The problem.
Would you repeat word for word the lines of the listing that follows, from the one with "Applications of matrices" up to and including the one with "Biped and CAT", and leave out the images?

Provided data.
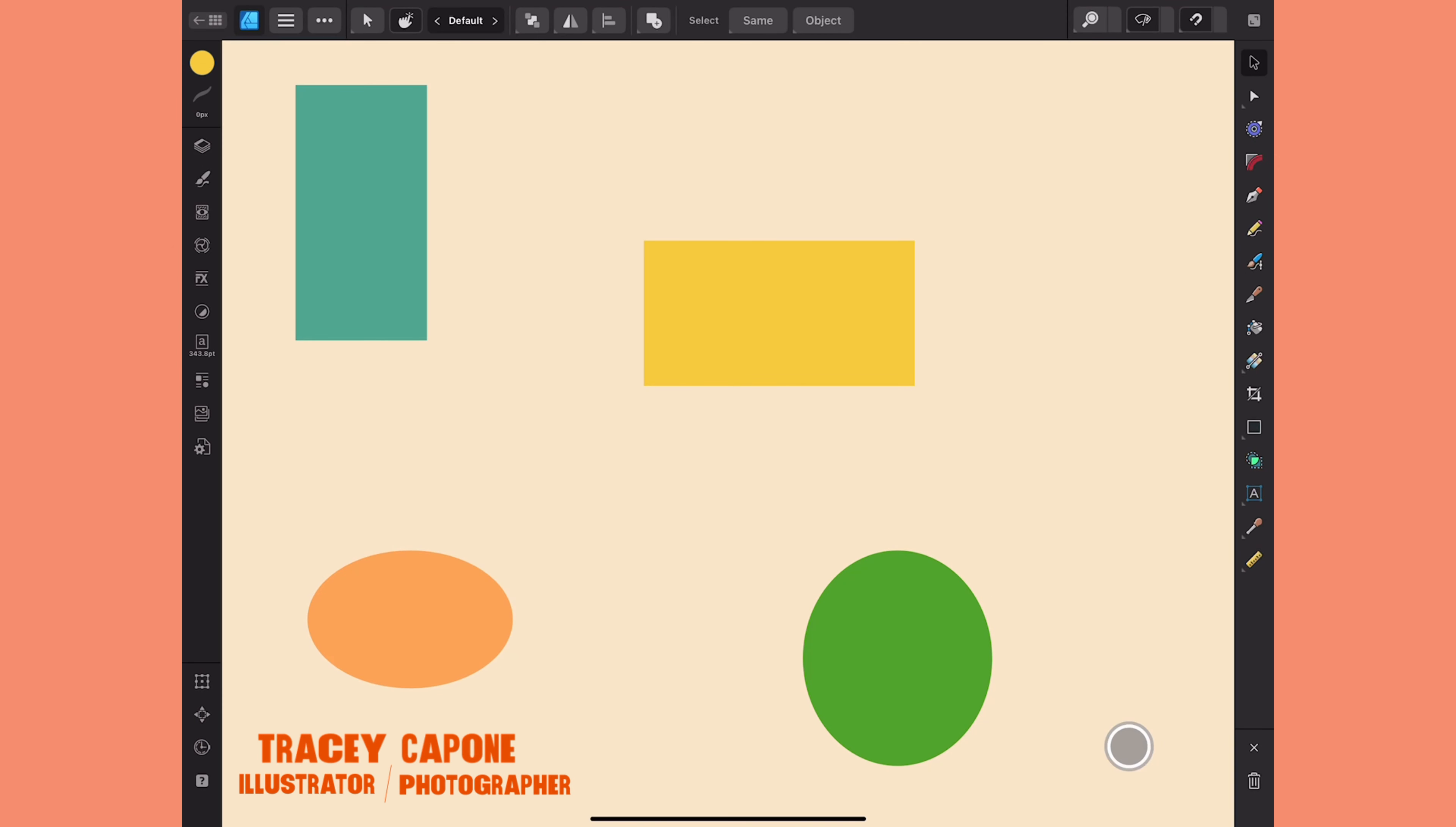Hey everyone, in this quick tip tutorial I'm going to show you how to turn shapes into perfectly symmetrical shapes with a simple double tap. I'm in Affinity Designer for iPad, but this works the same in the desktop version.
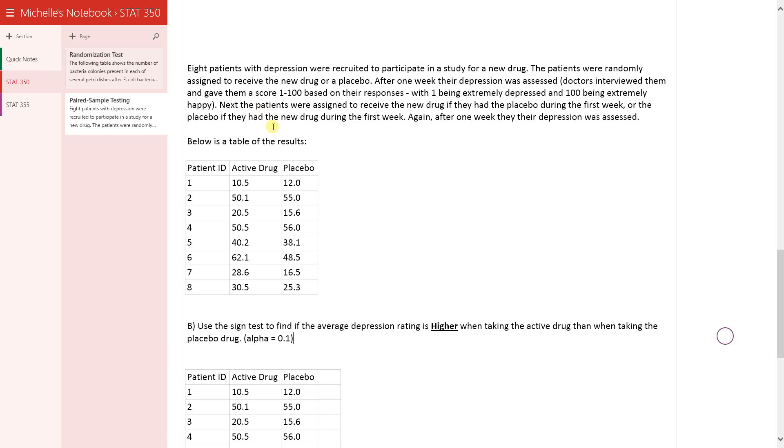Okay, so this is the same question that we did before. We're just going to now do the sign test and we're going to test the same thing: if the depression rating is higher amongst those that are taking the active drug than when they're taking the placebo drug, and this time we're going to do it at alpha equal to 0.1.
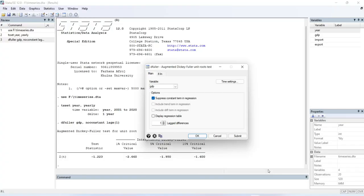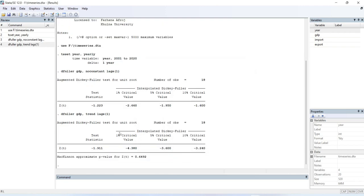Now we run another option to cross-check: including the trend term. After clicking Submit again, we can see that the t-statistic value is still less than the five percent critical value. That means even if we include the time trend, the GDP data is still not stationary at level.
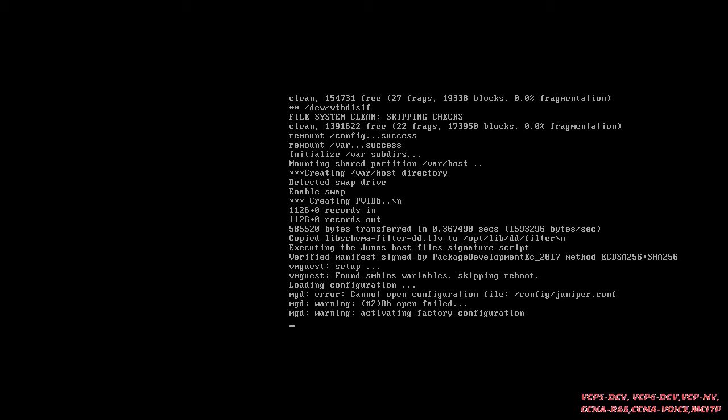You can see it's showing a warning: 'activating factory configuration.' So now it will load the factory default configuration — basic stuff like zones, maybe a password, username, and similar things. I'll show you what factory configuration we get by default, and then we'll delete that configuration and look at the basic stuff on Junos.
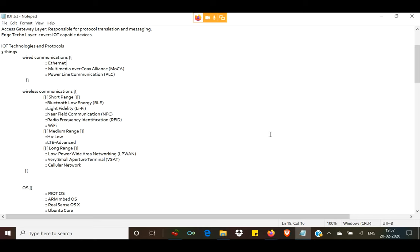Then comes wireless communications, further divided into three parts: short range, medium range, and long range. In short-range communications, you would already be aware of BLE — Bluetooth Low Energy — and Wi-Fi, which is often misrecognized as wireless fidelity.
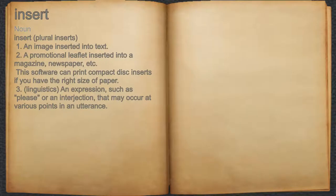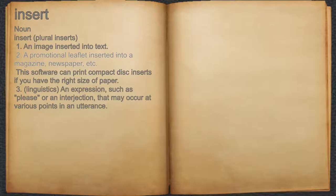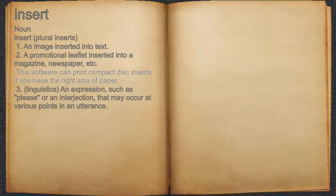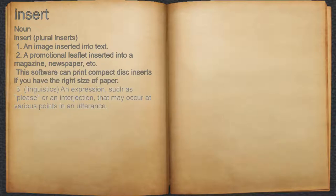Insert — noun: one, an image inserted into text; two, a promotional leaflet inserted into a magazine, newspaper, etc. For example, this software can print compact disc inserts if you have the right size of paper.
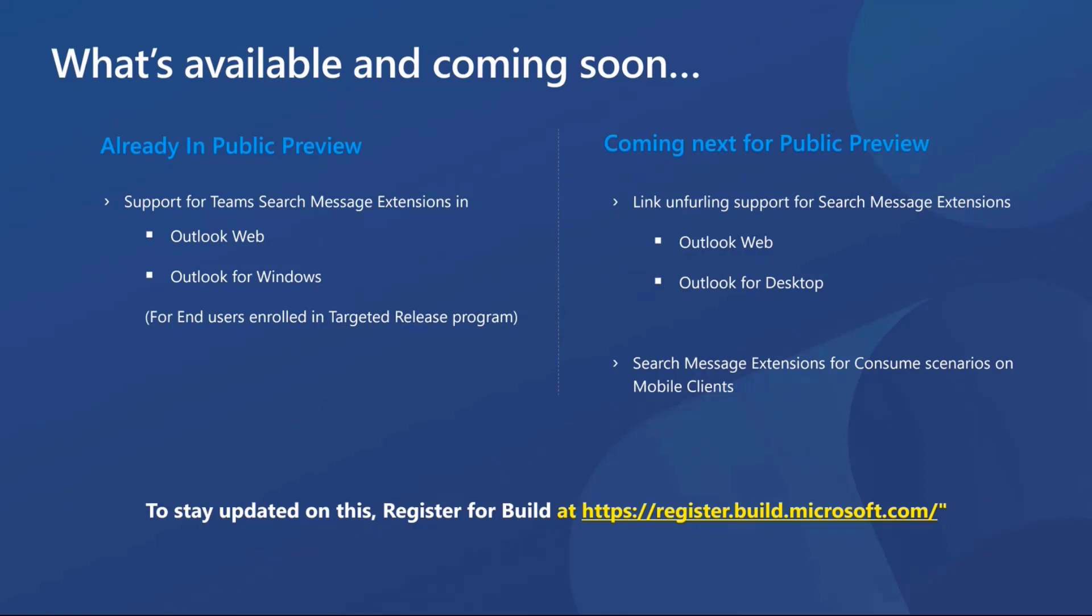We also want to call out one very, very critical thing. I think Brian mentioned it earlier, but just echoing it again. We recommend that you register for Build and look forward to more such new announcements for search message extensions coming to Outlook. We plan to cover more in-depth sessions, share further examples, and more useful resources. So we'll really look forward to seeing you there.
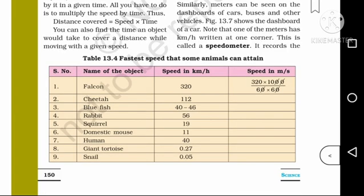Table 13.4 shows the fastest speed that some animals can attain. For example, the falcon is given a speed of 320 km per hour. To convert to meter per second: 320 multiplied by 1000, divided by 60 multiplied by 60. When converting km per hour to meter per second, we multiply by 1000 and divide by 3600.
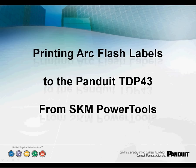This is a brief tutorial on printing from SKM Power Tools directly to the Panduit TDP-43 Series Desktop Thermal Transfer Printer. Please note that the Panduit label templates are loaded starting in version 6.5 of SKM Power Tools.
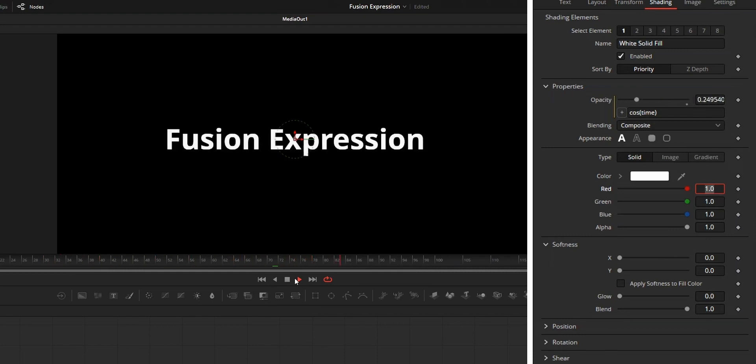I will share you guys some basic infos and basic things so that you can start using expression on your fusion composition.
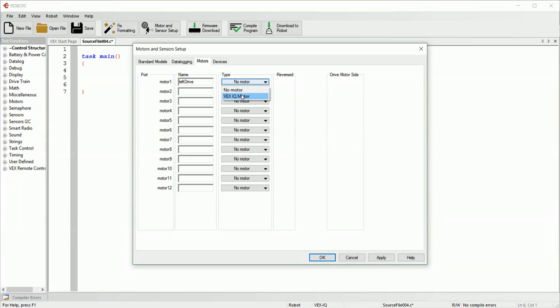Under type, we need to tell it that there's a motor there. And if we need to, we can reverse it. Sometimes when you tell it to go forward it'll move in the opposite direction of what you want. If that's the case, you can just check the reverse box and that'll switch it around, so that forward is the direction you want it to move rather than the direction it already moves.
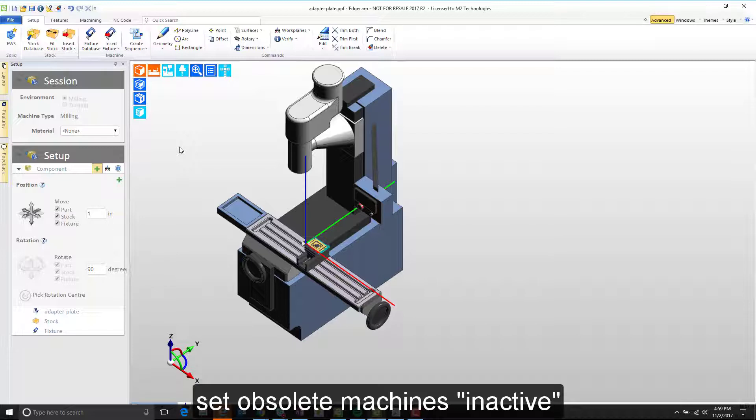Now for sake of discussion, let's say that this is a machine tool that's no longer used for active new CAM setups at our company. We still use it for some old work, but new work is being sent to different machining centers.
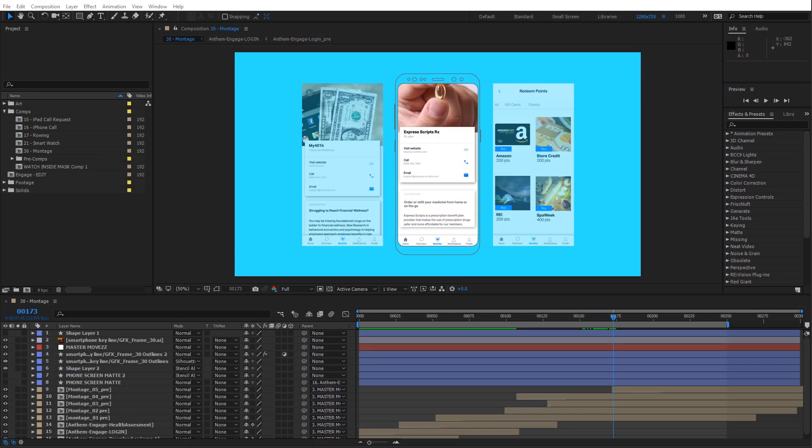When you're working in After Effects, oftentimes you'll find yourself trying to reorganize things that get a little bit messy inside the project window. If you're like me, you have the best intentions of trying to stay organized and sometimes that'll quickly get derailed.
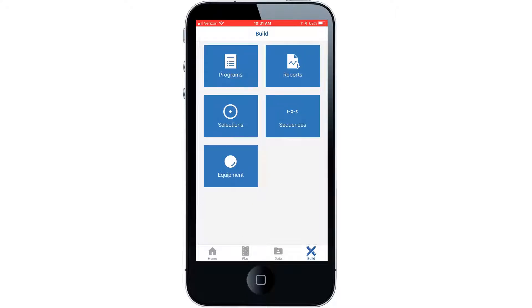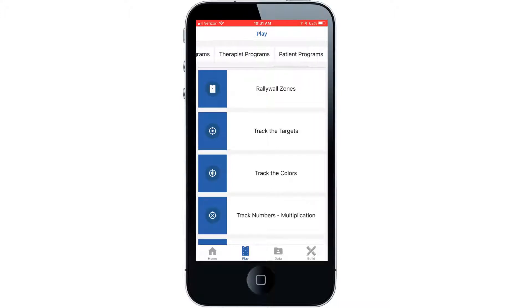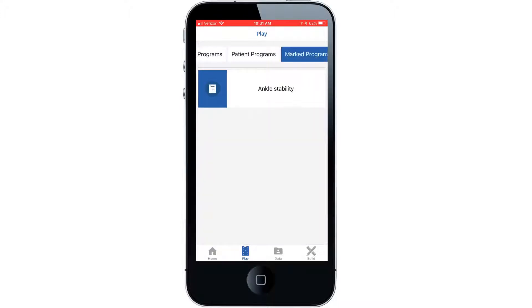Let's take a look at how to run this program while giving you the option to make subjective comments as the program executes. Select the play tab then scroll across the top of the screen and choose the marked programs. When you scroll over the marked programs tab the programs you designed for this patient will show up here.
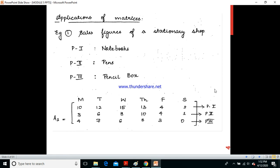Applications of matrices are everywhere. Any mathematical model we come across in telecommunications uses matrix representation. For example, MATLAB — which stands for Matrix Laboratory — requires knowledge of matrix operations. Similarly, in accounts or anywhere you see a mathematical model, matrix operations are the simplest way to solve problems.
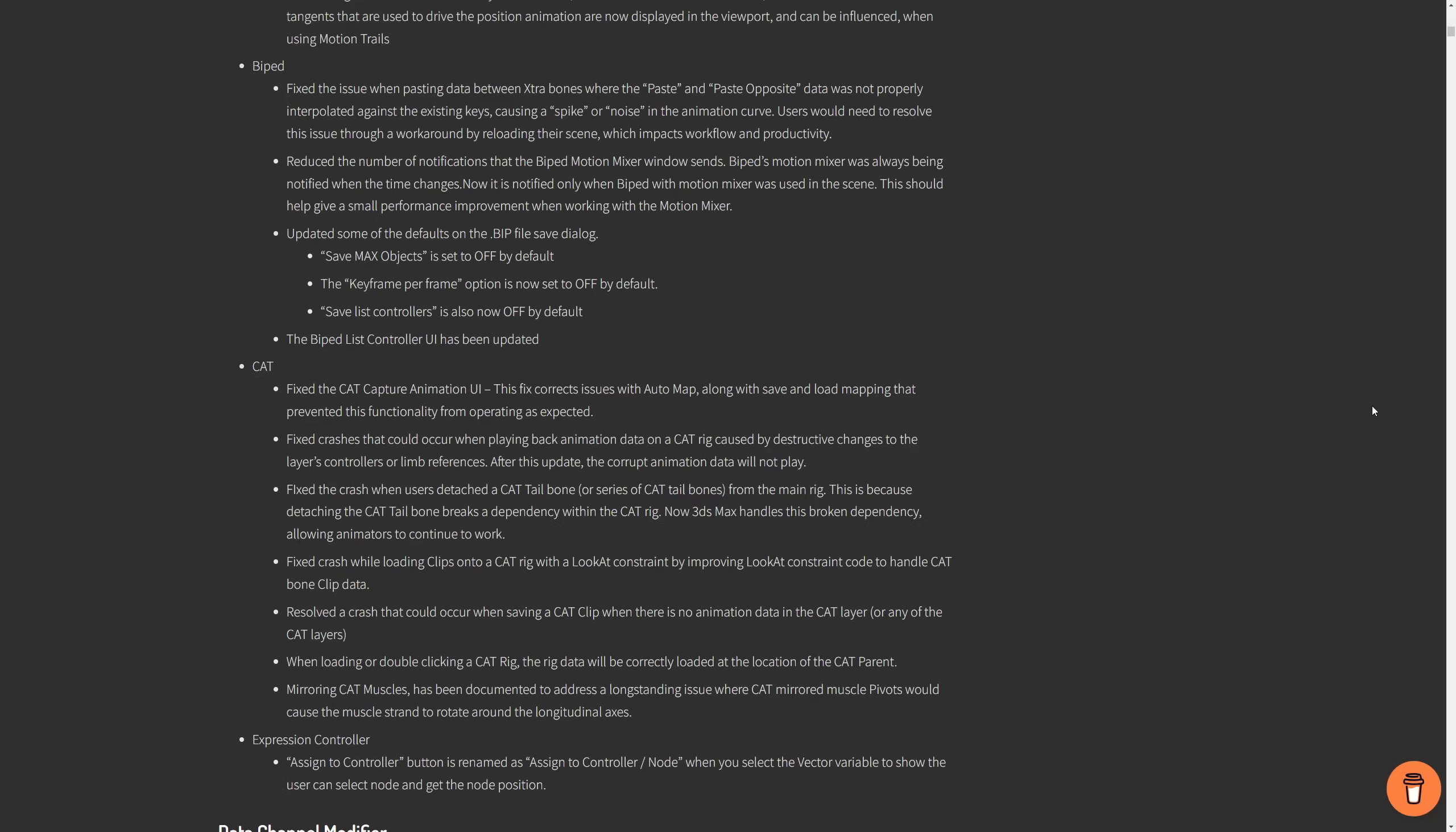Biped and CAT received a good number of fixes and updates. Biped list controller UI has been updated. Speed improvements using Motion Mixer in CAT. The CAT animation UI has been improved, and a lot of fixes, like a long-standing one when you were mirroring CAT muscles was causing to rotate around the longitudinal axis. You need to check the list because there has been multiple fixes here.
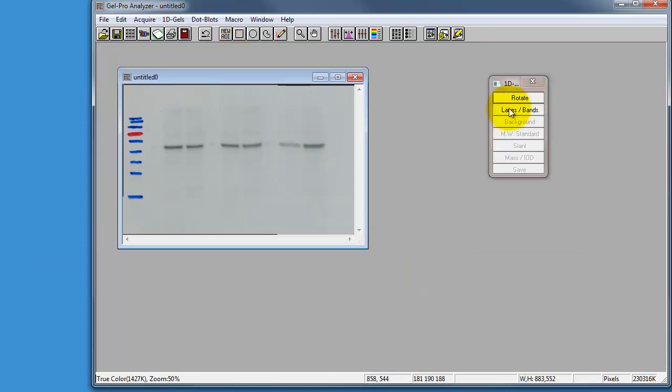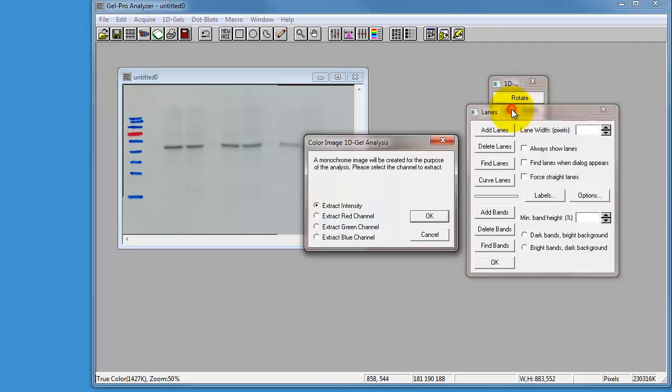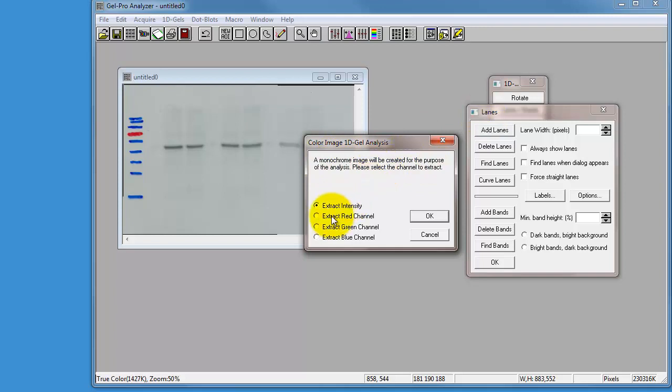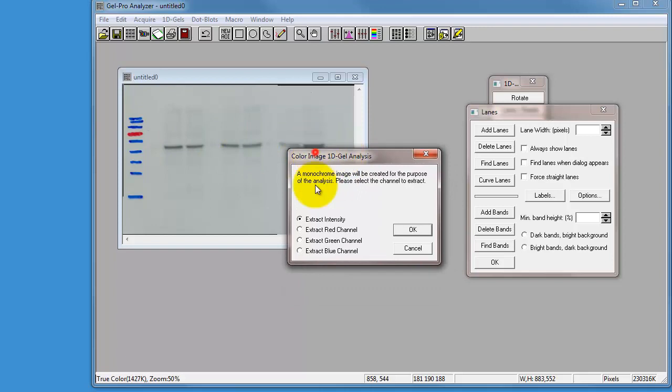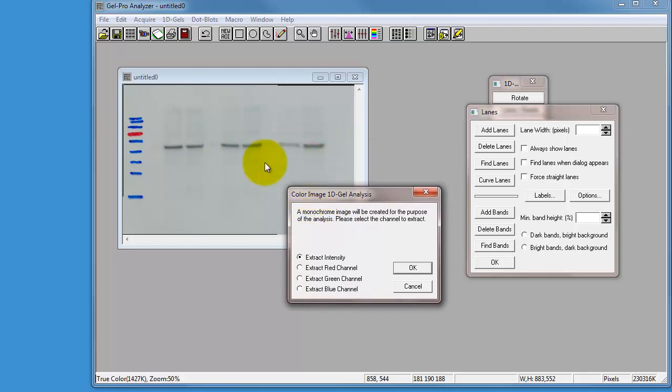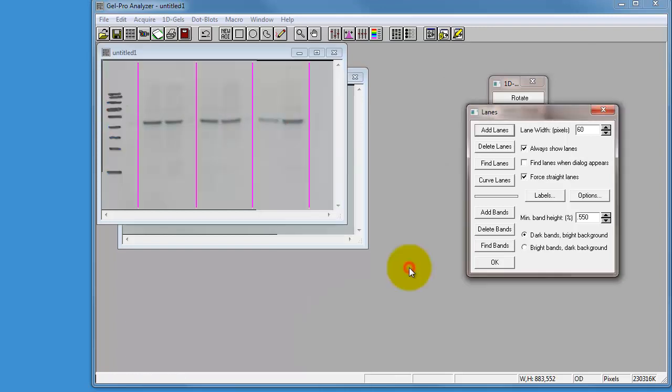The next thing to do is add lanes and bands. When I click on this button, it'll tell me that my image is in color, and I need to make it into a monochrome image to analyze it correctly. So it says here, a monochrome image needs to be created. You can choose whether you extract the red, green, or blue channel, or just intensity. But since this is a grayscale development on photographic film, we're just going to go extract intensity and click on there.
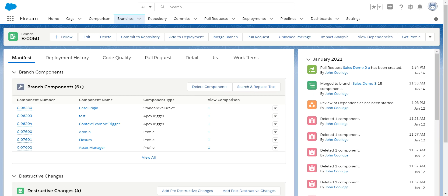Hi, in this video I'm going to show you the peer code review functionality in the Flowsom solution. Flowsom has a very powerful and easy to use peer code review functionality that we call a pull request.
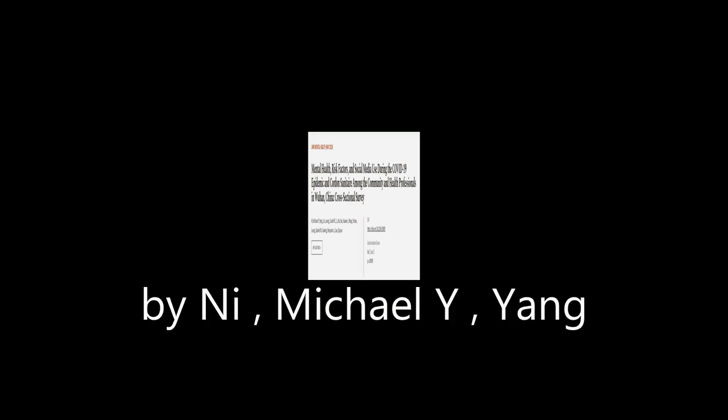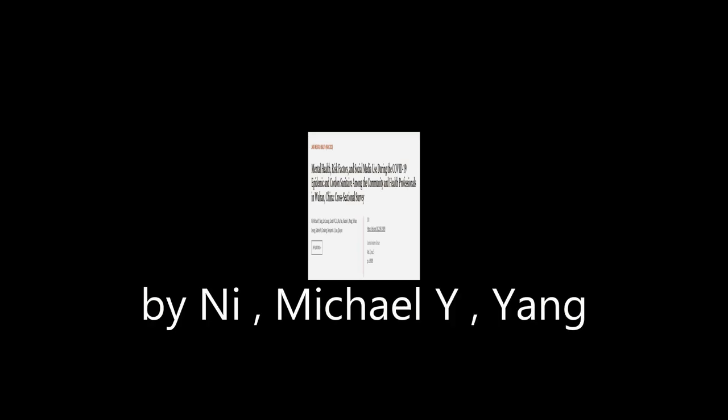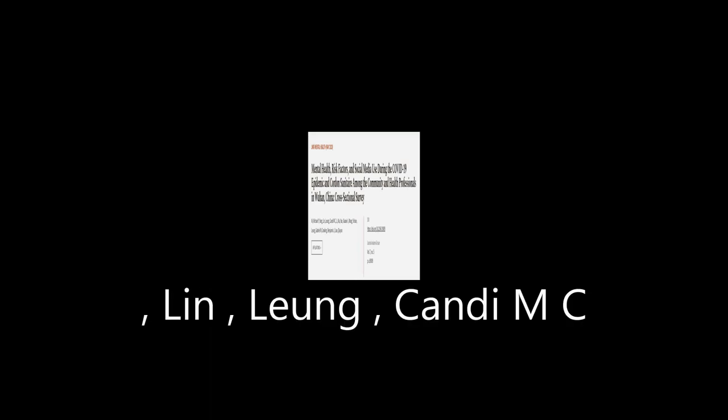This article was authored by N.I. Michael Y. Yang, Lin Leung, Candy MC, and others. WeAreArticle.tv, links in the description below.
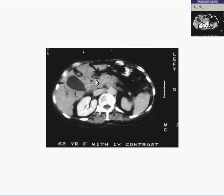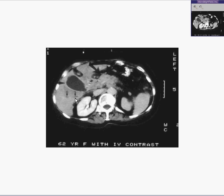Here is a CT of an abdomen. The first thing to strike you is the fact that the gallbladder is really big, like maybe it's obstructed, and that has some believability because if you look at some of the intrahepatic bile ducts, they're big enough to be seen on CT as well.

Final answer.
Applications of matrices are everywhere. Any mathematical model we come across in telecommunications uses matrix representation. For example, MATLAB — which stands for Matrix Laboratory — requires knowledge of matrix operations. Similarly, in accounts or anywhere you see a mathematical model, matrix operations are the simplest way to solve problems.
Biped and CAT received a good number of fixes and updates. Biped list controller UI has been updated. Speed improvements using Motion Mixer in CAT. The CAT animation UI has been improved, and a lot of fixes, like a long-standing one when you were mirroring CAT muscles was causing to rotate around the longitudinal axis. You need to check the list because there has been multiple fixes here.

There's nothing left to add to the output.